A EPE afirma que seu objetivo é fornecer referências técnicas para o planejamento energético nacional e a formulação de políticas públicas voltadas para uma economia de baixo carbono. O estudo também visa apoiar o futuro ordenamento territorial das atividades relacionadas ao CO₂ no Brasil. A publicação destaca a crescente importância internacional das tecnologias de captura e armazenamento de carbono, especialmente para setores considerados de difícil descarbonização, como siderurgia, cimento, refino de petróleo, fertilizantes e indústria pesada.
Um dos focos do estudo é a identificação de regiões onde os fatores geológicos e as condições logísticas são mais favoráveis à implantação de projetos de CCUS. De acordo com a conclusão da EPE, a infraestrutura logística historicamente concentrada nas regiões costeiras do Sudeste e Nordeste do Brasil favorece o desenvolvimento de hubs de captura e transporte de carbono em larga escala, especialmente por meio de dutos e instalações portuárias. O estudo aponta que a combinação de fontes de emissão industriais, infraestrutura existente e áreas com potencial geológico adequado aumenta a probabilidade de viabilidade econômica dos projetos.
Ao mesmo tempo, a estatal alerta que a expansão dessa infraestrutura para o interior do país exigirá investimentos significativos, além de um marco regulatório mais claro e instrumentos capazes de reduzir o risco financeiro para os empreendedores. Segundo o documento, o desafio enfrentado pelo Brasil é semelhante ao cenário internacional, onde o transporte e o armazenamento geológico costumam ser os principais gargalos da cadeia de CCUS, devido aos altos custos de capital e à complexidade regulatória.
Entre as conclusões mais importantes do estudo, a EPE destaca o potencial estratégico do setor de bioenergia no desenvolvimento das chamadas "emissões negativas". O documento aponta que o Brasil possui condições particularmente favoráveis para expandir projetos de BECCS — tecnologia que combina bioenergia com captura e armazenamento de carbono. De acordo com a avaliação da estatal, a disponibilidade de biomassa sustentável, a maturidade tecnológica do setor sucroalcooleiro e o histórico de integração entre políticas de bioenergia e clima colocam o Brasil em posição de vantagem para desenvolver essa rota tecnológica.
O estudo também indica que as emissões dos setores chamados "hard-to-abate" (difíceis de descarbonizar) ainda estão fortemente concentradas no Sudeste do Brasil, enquanto o Nordeste e o Sul figuram como polos secundários de emissão industrial. Esse padrão territorial reforça a lógica de criação de hubs regionais próximos a grandes aglomerados industriais.
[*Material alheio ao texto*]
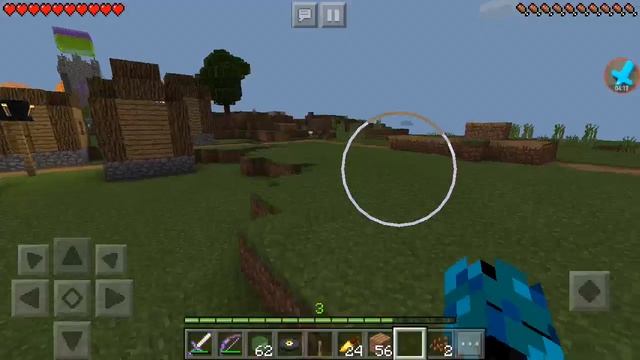 Играем в деревне с Серёгой play Minecraft смотреть онлайн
A EPE afirma que os avanços metodológicos implementados aumentaram a capacidade de resolução do mapa nacional de CCUS, ampliando sua utilidade para orientar decisões de investimento e planejamento. O estudo conclui que o Brasil reúne condições favoráveis para avançar em uma trajetória de captura e armazenamento de carbono aplicável aos setores de energia e indústria, com sinergias em relação a outras estratégias de descarbonização. Apesar disso, o documento ressalta que a consolidação desse mercado dependerá da aceleração coordenada de políticas públicas, de mecanismos de mitigação de riscos e de incentivos a projetos pioneiros. Como próximos passos, a estatal planeja avançar em avaliações quantitativas mais detalhadas sobre a capacidade de armazenamento e o potencial de captura, aprofundando o conhecimento técnico sobre o tema e fortalecendo a posição do Brasil no mercado global de soluções climáticas.